Convergence and Connectivity in the Home
Last week the Internationale Funkausstellung was held in Berlin. This is the largest consumer electronics convention in Europe, equaling and perhaps surpassing the CES show that occurs every January in Las Vegas. One of the central themes behind major new product launches was the Internet and the central role it is now beginning to play in the wirelessly networked home.
This has been something that has interested me for years and a subject about which I have written here and here in this blog. As recently as five years ago, the topic of convergence was a speculative, hot one in media and technology circles. The convergence discussed then was would there be convergence of the computer and the television? Would people ever fully accept viewing television content on the computer? Well we now have the answer to that loud and clear: yes! Even Steven Jobs doubted this would happen. He famously said that the profound difference between computers and televisions was that people leaned forward when interacting with computers and leaned back when watching television and that therefore this content convergence would not happen. Well it did.

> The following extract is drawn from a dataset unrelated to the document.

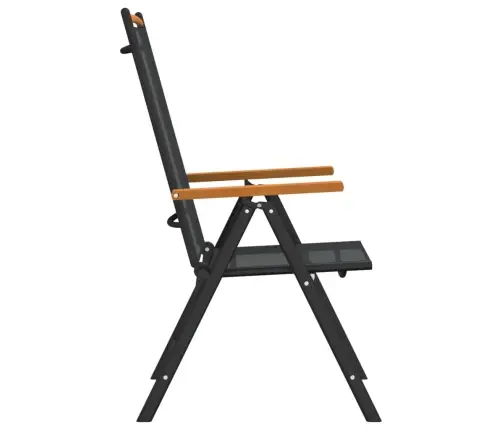 7-Daļīgs Dārza Mēbeļu Komplekts, Melns, Brūns, Alumīnijs Vidaxl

Now this convergence is combining with wireless connectivity to begin to change the connection of technology in the home. The long predicted vision of technologists and futurists of the home of the future where everything is connected and can be monitored and controlled is now beginning.
Sony introduced plug-in adapters to allow some of its Bravia television sets to connect wirelessly to the Internet. Phillips introduced stereo systems that wirelessly tap into music stored on computers or laptops in the home and stream that music through out the home. Most of the flat panel TV manufacturers introduced models that connect to the Internet both with and without wires.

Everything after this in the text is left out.